With help from the Texas Sea Grant Program at Texas A&M University, the city of League City has transformed a public park into a showcase for the principles of WaterSmart landscapes: water conservation, water quality and habitat for wildlife. 

Texas Sea Grant’s Texas Coastal Watershed Program (TCWP), a partnership between Texas Sea Grant and the Texas A&M AgriLife Extension Program, designed the new amenities at Ghirardi WaterSmart Park. Funded by the city’s Park Dedication Fund and a grant from the Texas Commission on Environmental Quality (TCEQ), the park was completed in February and formally opened in March. The Galveston Bay Estuary Program was also a partner for the project. 

“The TCEQ grant for Ghirardi WaterSmart Park gives the city and other area entities the opportunity to study, showcase and improve water management,” said League City Mayor Tim Paulissen. “Water is one of our most valuable resources, and we are very excited about the opportunity to learn new and better ways to utilize and conserve that resource.” 
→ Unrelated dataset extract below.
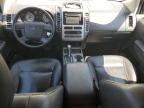 2007 Ford Edge Sel Plus en Venta en Denver, CO - Rear End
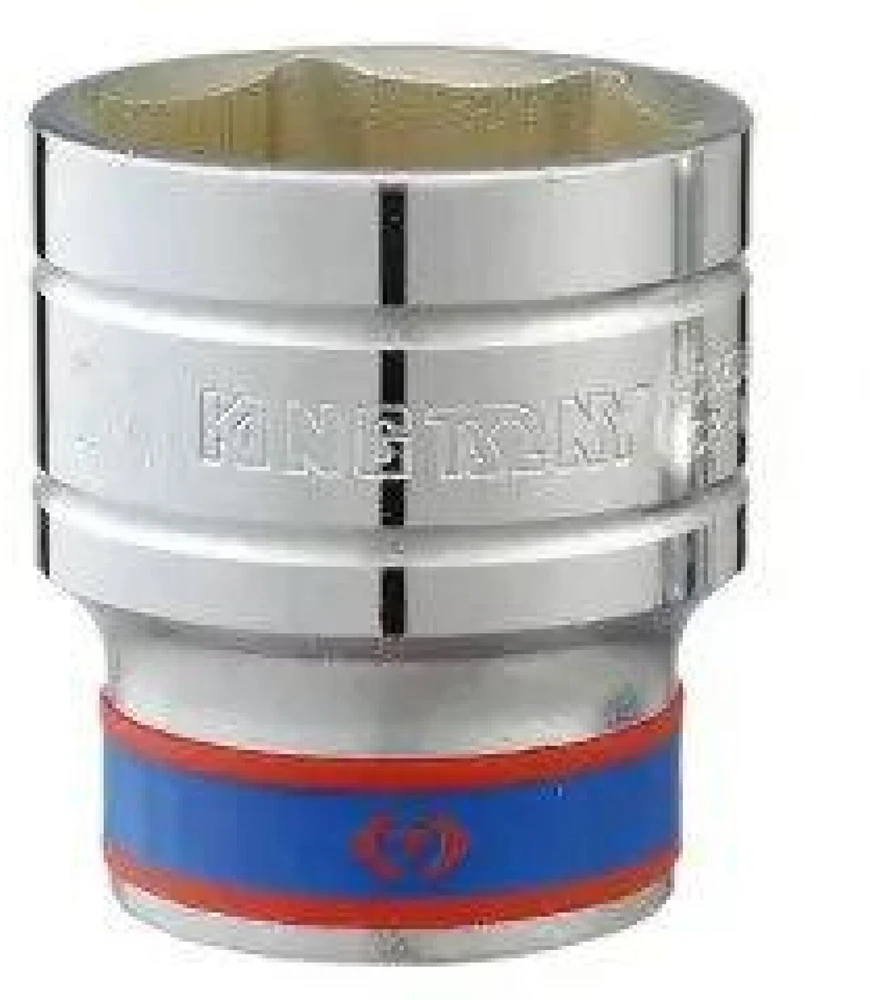 KING TONY NASADKA KRÓTKA 6K 1/2" 18x38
In addition to the pavilion, walking trails and playground found in a typical public park, Ghirardi WaterSmart Park has several special features that highlight water issues, including a cistern that collects rainwater and feeds into a drip irrigation system. 

“Recent drought years have served to remind all of us that water is precious,” said Charriss York, Texas Sea Grant’s Stormwater Extension program specialist. “Collecting and using rainwater for irrigation instead of turning on the hose, using native plants that are adapted to our unique climate and having more native areas and less lawn are all water conservation strategies that are used in the park.”  

Most of the bayous and creeks in the Houston area have degraded water quality as a result of everyday urban activity; the park uses low areas of land called swales and rain gardens, which resemble regular flowerbeds to collect and filter water, breaking down pollutants using the natural microbes in the soil. The pavilion has a “green roof,” a roof with living plants that reduces the amount of impervious surface — rooftops and materials used for most streets and parking lots that block rainwater from reaching the soil and increase rainwater runoff and runoff pollution. 

The Texas Coastal Watershed Program is also using the park as a living laboratory and will continue to monitor the effectiveness of the stormwater management features installed at the park.